Last edited by Top_gun; 25-05-2019 at 10:45 PM.
They may switch off, but the fact remains they have a duty to him under GDPR that is actionable, but don't under the HRA, unless .... public function, etc,
Nobody thinks it's a good idea to take it to court but unless somebody does, a non-public function private company isn't subject to the HRA and only indirectly if they do. They are directly subject to the GDPR.
And I got posts #19 and #21. I just disagree that the HRA much helps ik9000. But then, neither your nor my opinion on that much matters. Spacein_vader, on the other hand, gave direct, qualified advice and offered practical help. Nice one, Mr. Vader. A perfect example, IMHO, of forum community spirit.
ik9000 (26-05-2019),spacein_vader (26-05-2019)
I don't know anything about the Human Rights Act beyond a quick Google but Saracens interpretation matches my limited understanding.
GDPR* has been in the news a lot over the past 12 months so hopefully most employers will have at least heard of it. Hopefully the situation would get nowhere near going to court but a polite chat should hopefully convince them to at least look for some guidance.

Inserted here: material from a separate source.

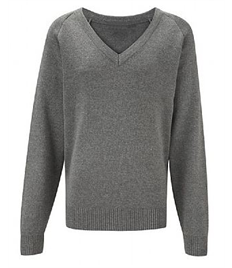 Grey V Neck Knitted Jumper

The "For Organisations" part of the Information Commissioners Office website www.ico.org.uk is a good place to point them at to start as it has many guides to explain the real world impacts of data protection laws in relatively plain English.
*I appreciate I've used GDPR and DPA almost interchangeably. The DPA is the UK law enacting the European GDPR rules. While it's an oversimplification to suggest it's a copy and paste of GDPR in this case they are functionally the same.
Saracen, your idea that if you work for a public sector organisation then you have a right to privacy at work under your Human Rights but don't if you work for a private sector seems fundamentally wrong to me.
Sorry for the delay.
It might seem wrong, and it's not my idea .... but I have been assured by someone very qualified that it is the case. The fundamental point is that the scope of the HRA (and indeed, the ECHR) is to protect the rights of citizens from abuse by the state. That is then interpreted as organs of the state, i.e. public authorities. And thus it only applies to private companies if the state has effectively sub-contracted public functions to them and they therefore are effectively agents of the state.
That bit really is about preventing the state from avoiding liability by that kind of sub-contracting.
I'm sure we can all think of situations where, but for that provision, the state might shield itself that way. One example would be a private company running a prison. Another would be an intelligence organisation getting round the right to privacy by farming out illicit survrillance activities.
But in any event, the HRA/ECHR is about ensuring individuals fundamental rights are protected from abuse by the state.
Other legislation exists to protect us from abuses by private companies, ranging from data protection laws, to anti-discrimination laws, to working-time directives, to health and safety at work laws, to unfair dismissal, product liability, the Factories Act and so on.
It's not as if the HRA not applying to private companies (except in specified situatiobs) leaves us unprotected from those companies. It's that the HRA is there to do a job (protecting us from abuses by the state) and other tools are there to protect us from private companies.
It's all about the scope of the Act.